22. Q: We have repeatedly said that when a transaction is aborted, the world is restored to its previous state, as though the transaction had never happened. We lied. Give an example where resetting the world is impossible.
A: Any situation in which physical I/O has occurred cannot be reset. For example, if the process has printed some output, the ink cannot be removed from the paper. Also, in a system that controls any kind of industrial process, it is usually impossible to undo work that has been done.
SOLUTIONS TO CHAPTER 6 PROBLEMS
1. Q: Access to shared Java objects can be serialized by declaring its methods as being synchronized. Is this enough to guarantee serialization when such an object is replicated?
A: No. The problem is that access to each replica is serialized. However, different operations at different replicas may be executed at the same time, leaving the replicated instance variables in an inconsistent state.
2. Q: Consider a monitor as discussed in Chap. 1. If threads are allowed to block in a replicated monitor, what do we need to guarantee when signaling a condition variable?
A: That the same thread is awakened in each replica, so that exactly the same flow of control takes place in all replicas. In practice, this means that the runtime system should be in full control of thread scheduling at each replica.
3. Q: Explain in your own words what the main reason is for actually considering weak consistency models.
A: Weak consistency models come from the need to replicate for performance. However, efficient replication can be done only if we can avoid global synchronizations, which, in turn, can be achieved by loosening constistency constraints.
4. Q: Explain how replication in DNS takes place, and why it actually works so well.

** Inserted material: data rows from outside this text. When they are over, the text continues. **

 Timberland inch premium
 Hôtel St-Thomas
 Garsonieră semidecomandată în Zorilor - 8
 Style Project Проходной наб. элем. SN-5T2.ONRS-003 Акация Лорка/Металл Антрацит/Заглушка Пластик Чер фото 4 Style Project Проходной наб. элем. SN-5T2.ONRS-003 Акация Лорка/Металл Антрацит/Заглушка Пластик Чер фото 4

A: The basic idea is that name servers cache previously looked up results. These results can be kept in a cache for a long time, because DNS makes the assumption that name-to-address mappings do not change often.
5. Q: During the discussion of consistency models, we often referred to the contract between the software and data store. Why is such a contract needed?

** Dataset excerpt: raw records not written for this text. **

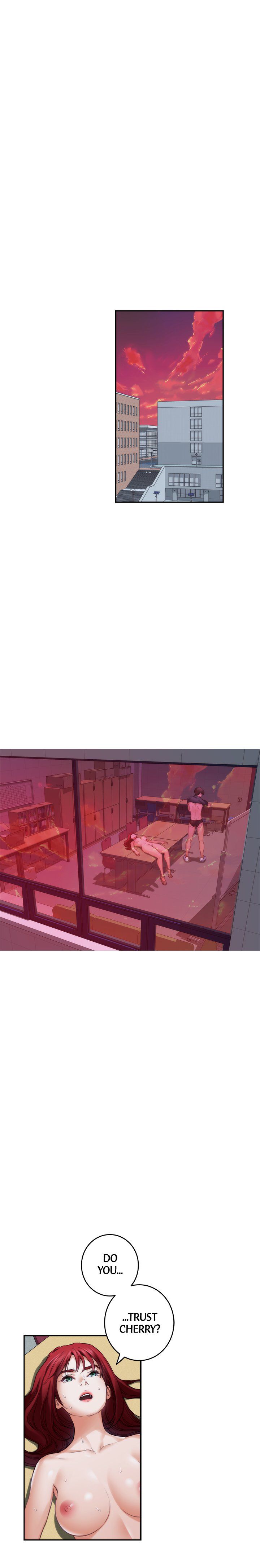 S-Mate Manhwa - Chapter 86 Page 15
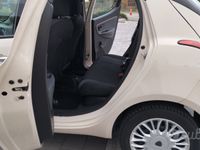 usata Lancia Ypsilon 1.2 Benz Euro6 Soli 76 Mila km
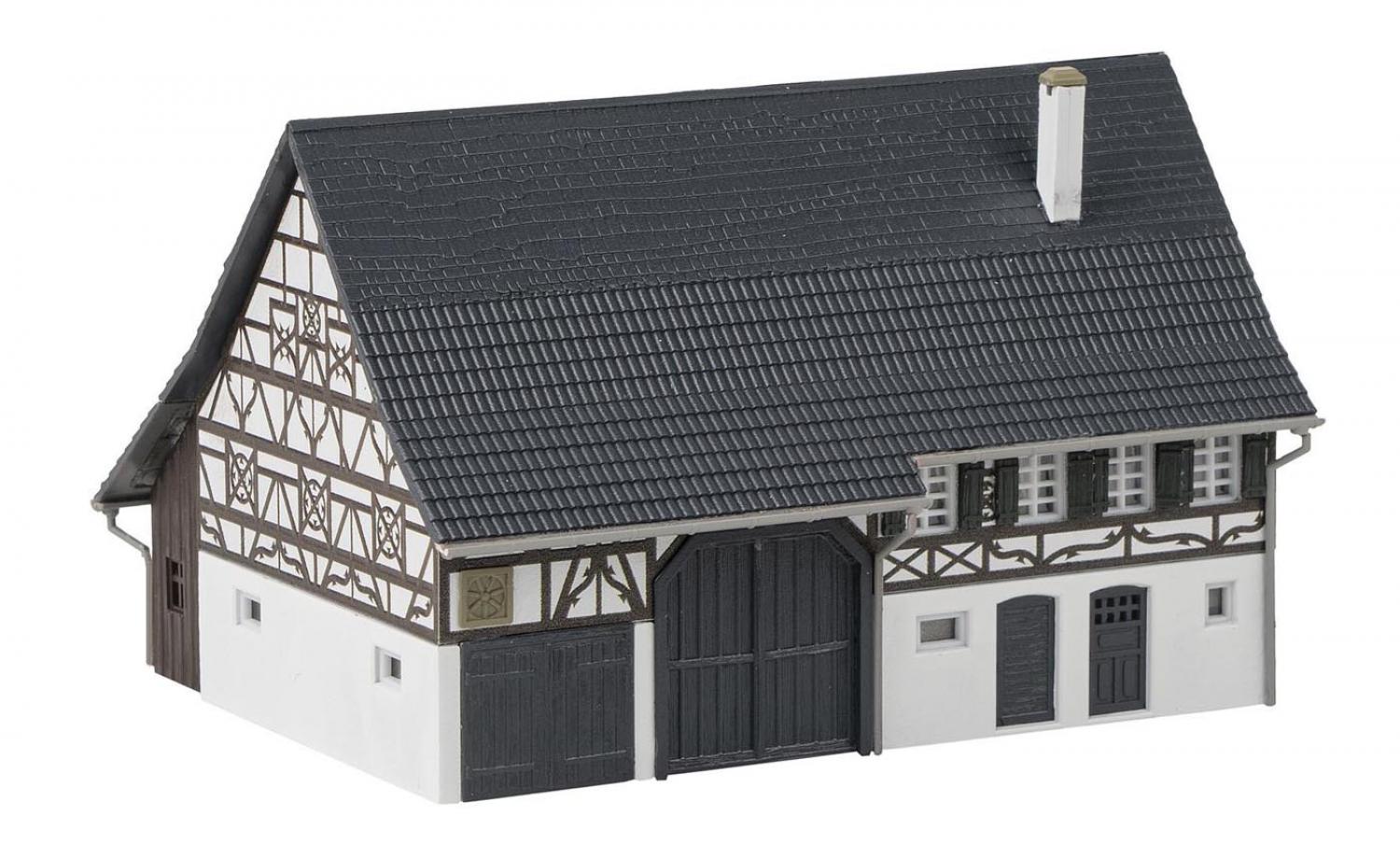 FALLER 232190 (N) Bauernhaus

A: If a program expects a sequentially consistent data store and cannot live with anything less, the store must provide sequential consistency. However, to improve performance, some systems provide a weaker model. It is then essential that the software agrees to abide by the rules imposed by this model. Generally, it means that programs obeying the rules will perceive what looks like a sequentially consistent data store.
6. Q: Linearizability assumes the existence of a global clock. However, with strict consistency we showed that such an assumption is not realistic for most distributed systems. Can linearizability be implemented for physically distributed data stores?

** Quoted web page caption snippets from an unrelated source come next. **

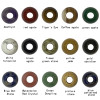 High Frequency NFC Tag NFC Smart Bracelet Beads Natural Stone Jewelry DIY Loose Beads ICODE SLIX Chip 13.56MHz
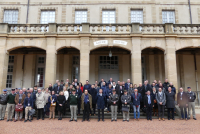 Le LMA reçoit le trinôme académique du rectorat de Bourgogne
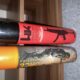 Hobbyaufgabe Schwerpunkt Magfed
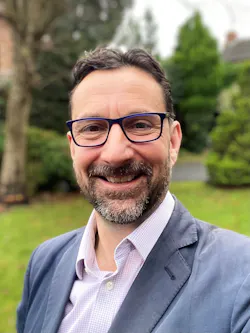 Scott Burman Scott Burman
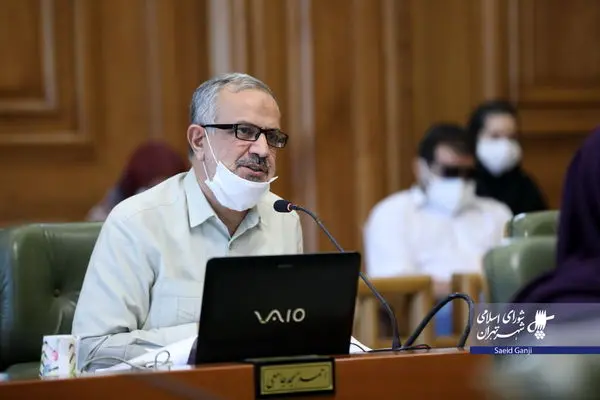 نمی‌دانم چرا بافت محله جماران با این همه مشکل مواجه است
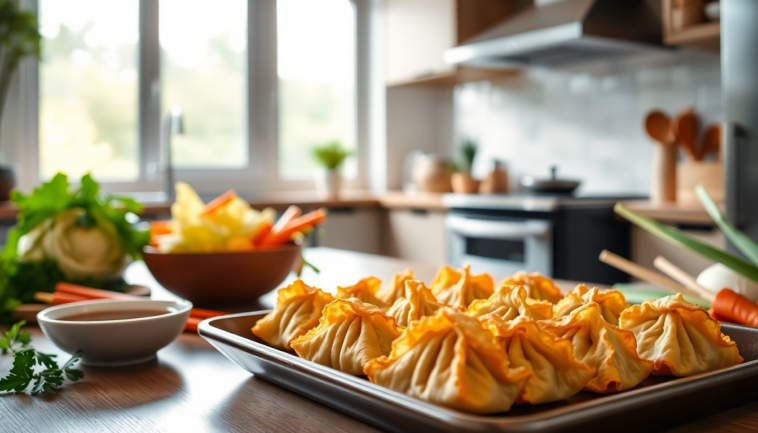como hacer gyozas en freidora de aire receta facil y deliciosa 1746396269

A: Yes. Linearizability assumes loosely synchronized clocks, that is, it assumes that several events may happen within the same time slot. Those events need to be ranked adhering to sequential consistency.
7. Q: A multiprocessor has a single bus. Is it possible to implement strictly consistent memory?
A: Yes. The bus serializes requests so they appear at the memory in absolute time order.
8. Q: Why is W1(x)a R2(x)NIL R3(x)a not legal for Fig. 6-7(b)?
A: It violates data coherence.
9. Q: In Fig. 6-0, is 000000 a legal output for a distributed shared memory that is only FIFO consistent? Explain your answer.
A: Yes. Suppose (a) runs first. It prints 00. Now (b) runs. If the store into (a) has not arrived yet, it also prints 00. Now (c) runs. If neither store has arrived yet, it too prints 00.
10. Q: In Fig. 6-8, is 001110 a legal output for a sequentially consistent memory? Explain your answer.
A: Yes. If the processes run in the order (a), (c), (b), this result is obtained.
11. Q: At the end of Sec. 6.2.2, we discussed a formal model that said every set of operations on a sequentially consistent data store can be modeled by a string, H, from which all the individual process sequences can be derived. For processes P1 and P2 in Fig. 6-9, give all the possible values of H. Ignore processes P3 and P4 and do not include their operations in H.
A: It is clear that P2 cannot read 1 before it is written, so all values of H will have the write of 1 before the read of 1. Program order is respected, so the write of 2 must come after the read of 1. The only possibilities that remain are these: H = W(x)a R(x)a W(x)b W(x)c
H = W(x)a R(x)a W(x)c W(x)b
12. Q: In Fig. 6-13, a sequentially consistent memory allows six possible statement interleavings. List them all.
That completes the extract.